Une unité de fabrication de vaccins en vue

Dans cette dynamique, il a assuré que le Burkina Faso va ériger très prochainement une unité de fabrication de vaccins destinés aux animaux. « Nous avons également mis en place la Centrale d’achat des médicaments vétérinaires (CAMVET) qui permet actuellement de fournir aux éleveurs les médicaments à des prix subventionnés », a-t-il confié. Amadou Dicko a affirmé que pour l’insémination artificielle, l’année 2026 marque le lancement d’une campagne d’envergure. « Nous allons inséminer plus de 100 000 bovins, et également inséminer plus de 15 000 truies afin d’augmenter la productivité de notre cheptel », a-t-il fait comprendre. Sur le plan de la digitalisation de l’identification du cheptel, il a soutenu que 300 000 bovins vont être identifiés.
« Avec des outils électroniques nous allons pouvoir reconnaître tous les animaux volés et troupeaux perdus, afin de limiter les questions liées au vol de bétail », a-t-il rassuré.
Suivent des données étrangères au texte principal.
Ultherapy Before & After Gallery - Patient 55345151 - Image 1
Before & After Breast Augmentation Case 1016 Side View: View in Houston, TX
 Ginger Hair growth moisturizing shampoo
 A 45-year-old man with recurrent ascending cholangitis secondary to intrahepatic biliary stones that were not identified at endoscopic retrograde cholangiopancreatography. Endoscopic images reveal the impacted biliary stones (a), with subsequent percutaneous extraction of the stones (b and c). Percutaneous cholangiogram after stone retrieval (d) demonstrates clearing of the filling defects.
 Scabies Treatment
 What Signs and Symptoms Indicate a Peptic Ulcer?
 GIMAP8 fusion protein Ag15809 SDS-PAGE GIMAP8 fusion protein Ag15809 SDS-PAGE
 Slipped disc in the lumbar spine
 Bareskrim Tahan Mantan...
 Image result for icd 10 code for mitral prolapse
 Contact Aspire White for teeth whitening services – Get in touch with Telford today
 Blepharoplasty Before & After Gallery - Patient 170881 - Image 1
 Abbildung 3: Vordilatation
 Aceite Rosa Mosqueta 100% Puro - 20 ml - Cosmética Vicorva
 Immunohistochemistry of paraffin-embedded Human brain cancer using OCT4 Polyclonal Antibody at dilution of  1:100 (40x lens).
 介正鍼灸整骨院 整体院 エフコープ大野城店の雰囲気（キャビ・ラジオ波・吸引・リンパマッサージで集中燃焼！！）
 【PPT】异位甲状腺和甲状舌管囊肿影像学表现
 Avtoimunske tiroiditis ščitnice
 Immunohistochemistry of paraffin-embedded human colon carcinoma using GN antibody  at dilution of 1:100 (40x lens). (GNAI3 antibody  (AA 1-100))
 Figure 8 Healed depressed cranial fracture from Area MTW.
Un dispositif électronique, à cet effet, va être implanté dans la panse de l’animal dans le but de permettre, à l’aide d’un lecteur électronique, de l’identifier et d’accéder aux informations relatives à son propriétaire, a précisé le ministre chargé des Ressources animales.
Le Président de la délégation spéciale (PDS) de la commune de Kombissiri, Boukary Porgo, a salué le choix de son ressort territorial pour le lancement des différentes campagnes. A son avis, cela témoigne de l’importance accordée à l’élevage, en particulier, à Kombissiri et au Burkina Faso, en général.
« Le dépistage garantit la santé des animaux, la vaccination prévient les maladies et l’insémination artificielle contribue à l’amélioration génétique du cheptel »,
a-t-il expliqué. Boukary Porgo a invité les éleveurs burkinabè à faire vacciner leurs animaux et à redoubler d’effort pour faire de la région du Nazinon, un pôle de développement de l’élevage et de l’agriculture.
Quant au directeur général des services vétérinaires, le capitaine vétérinaire Aboubacar Nacro, il a rappelé que l’Etat a intensifié les campagnes de dépistage, de vaccination et d’insémination artificielle depuis 2018. « Le succès de l’élevage ne dépend pas uniquement des efforts de l’Etat mais de l’engagement de tous les acteurs », a-t-il conclu.